Your assignment:
Give again, exactly and only, the lines running from the one with "Άρης: Ανακοινώνεται η" to the end of the material below; leave out pictures.

● ● ● ● ● ● ●

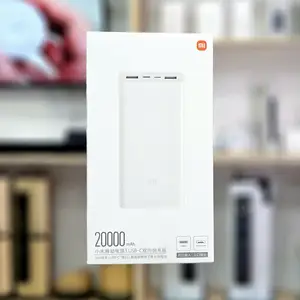Внешний аккумулятор Xiaomi Mi Power Bank 3 20000 mAh USB-C, Душанбе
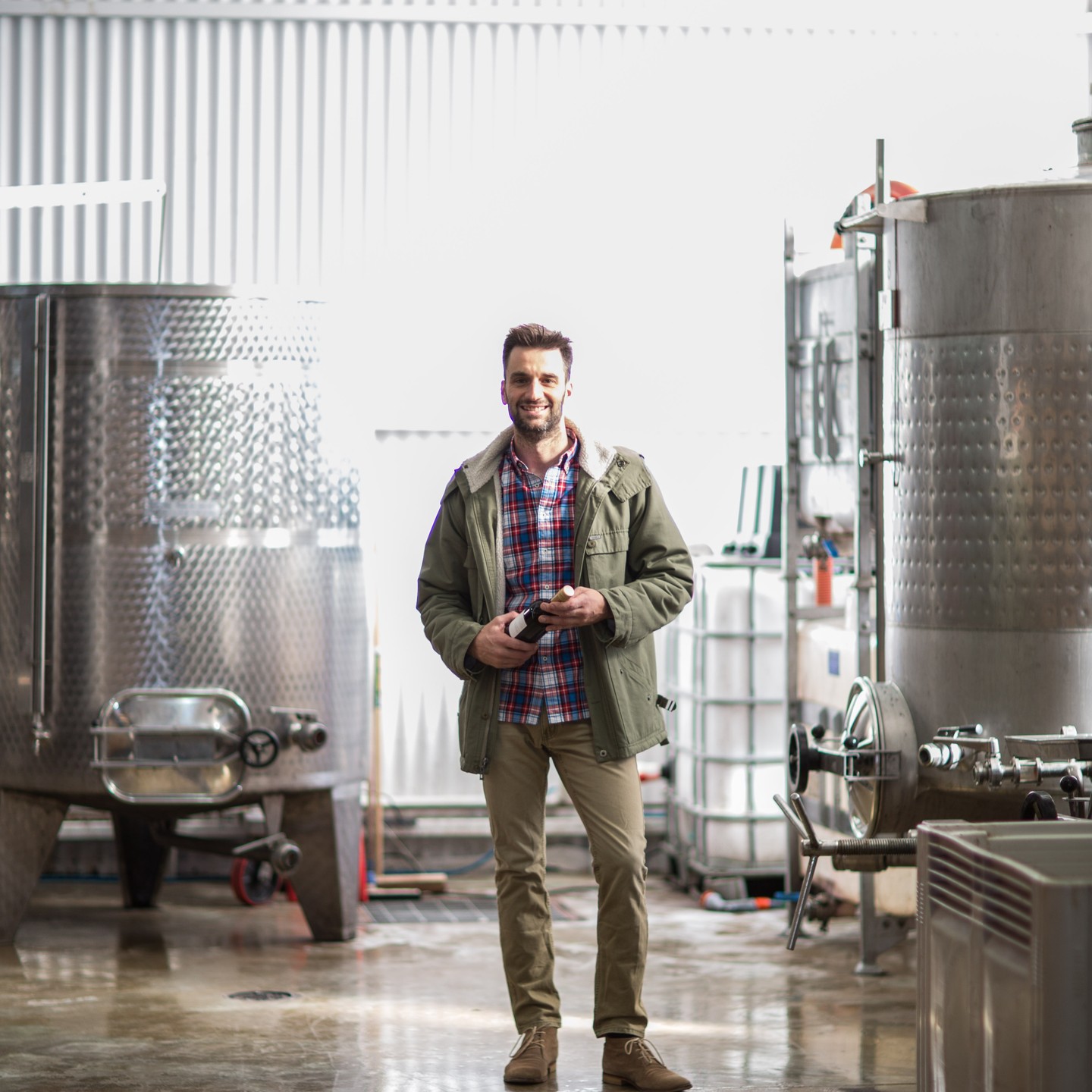 Introducing James-Paul Marin the Vintner. Over 20 years’ worth of experience having honed his craft both domestically and internationally. Now sourcing grapes across the many distinct cool climates regions of Australia to bring you the very best examples of his favourite varieties.
A Vintner who makes wines with minimal intervention using sustainable techniques that you’ll enjoy with family and friends.
Welcome to Wild Winds, Wine for the People!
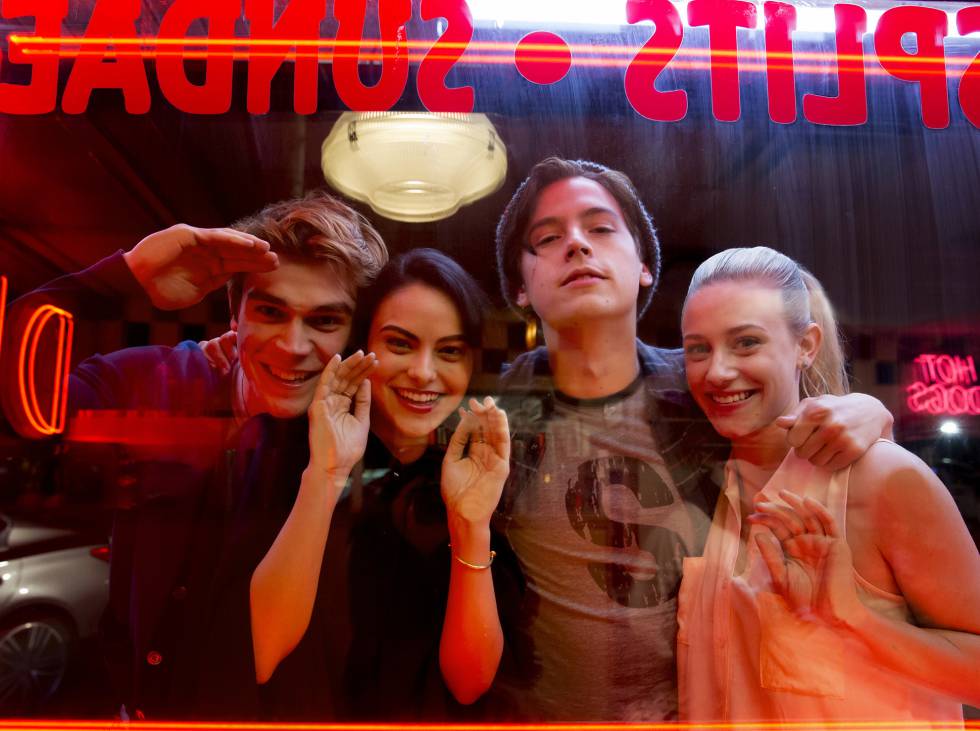 El Lado Oscuro De Archie Y Sus Amigos Television El Pais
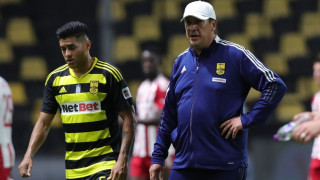 Άρης: Ανακοινώνεται η αποστολή που θα δείξει τις προθέσεις Μπούργος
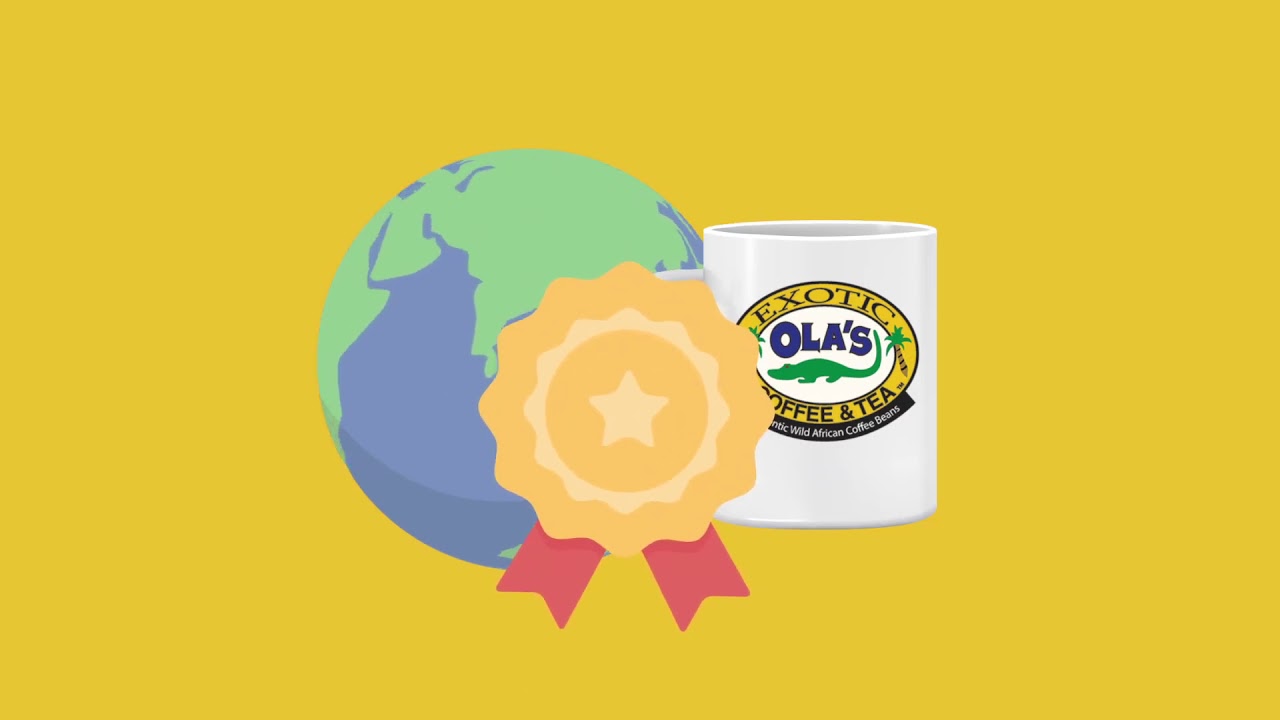 Ola's Coffee and Tea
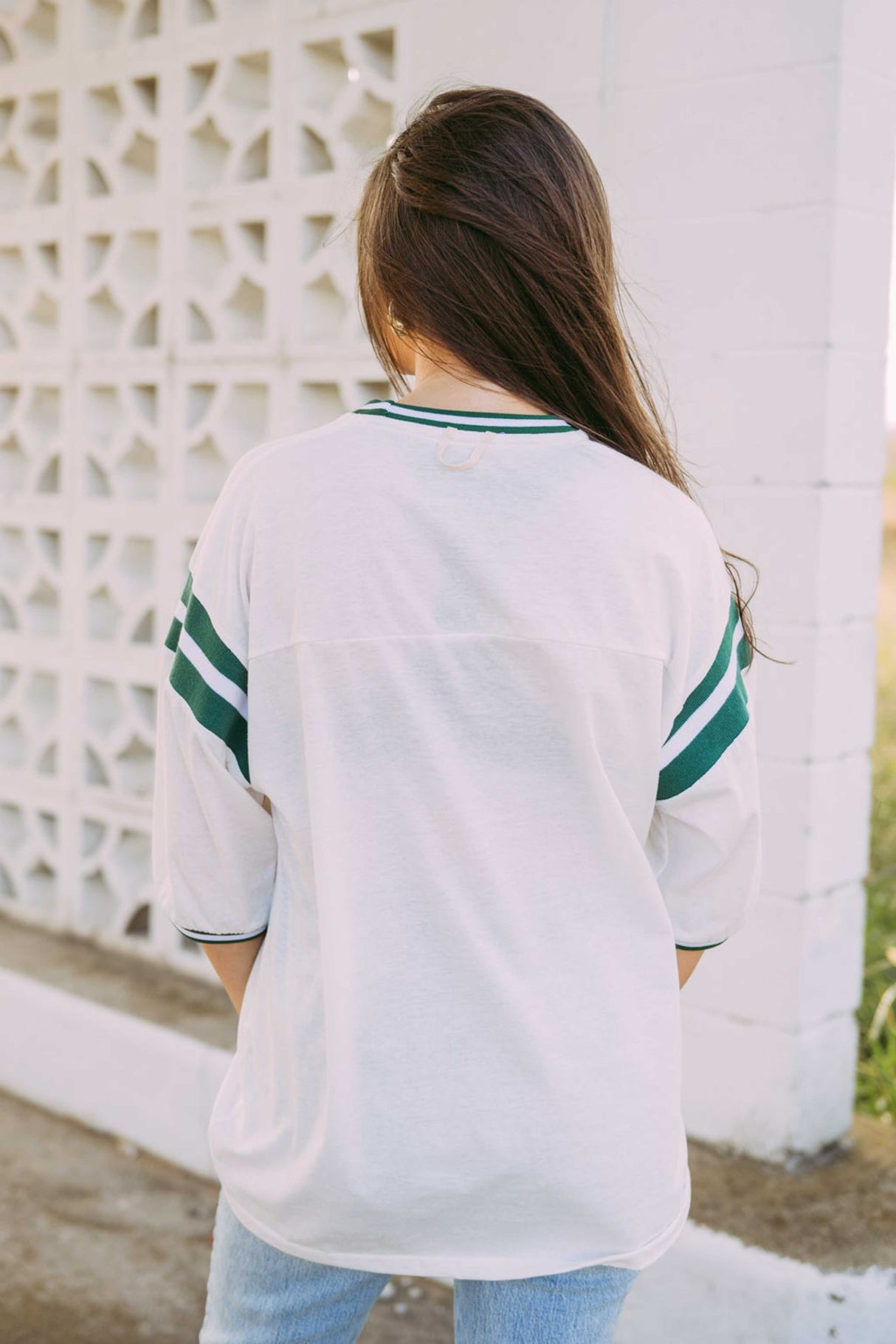 Emerson Coast Graduate Jersey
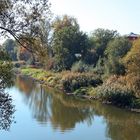 Herbststimmung an der Oder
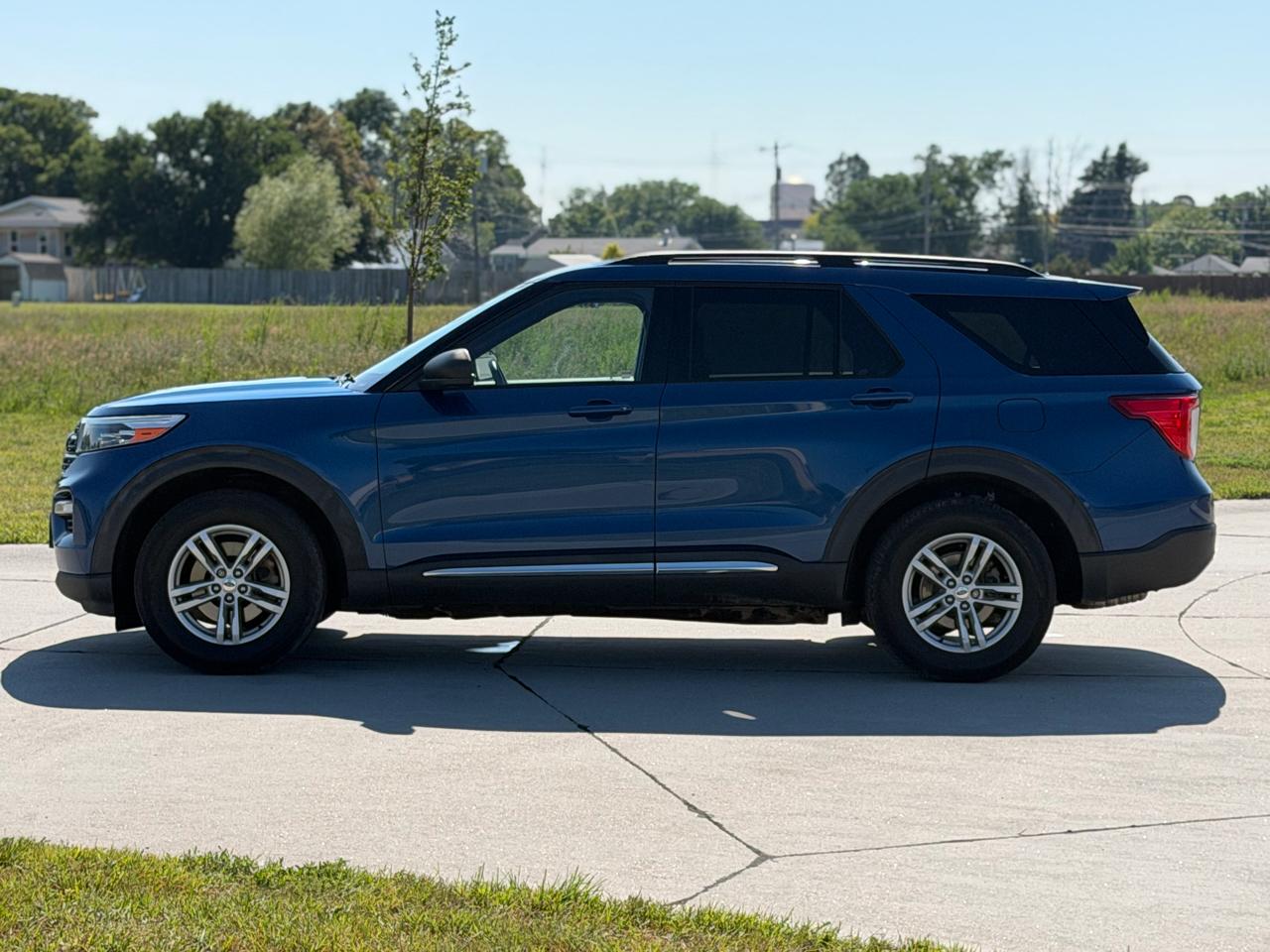 Ford Explorer XLT AWD 2020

● ● ● ● ● ● ●

Exercise result:
 Άρης: Ανακοινώνεται η αποστολή που θα δείξει τις προθέσεις Μπούργος
 Ola's Coffee and Tea
 Emerson Coast Graduate Jersey
 Herbststimmung an der Oder
 Ford Explorer XLT AWD 2020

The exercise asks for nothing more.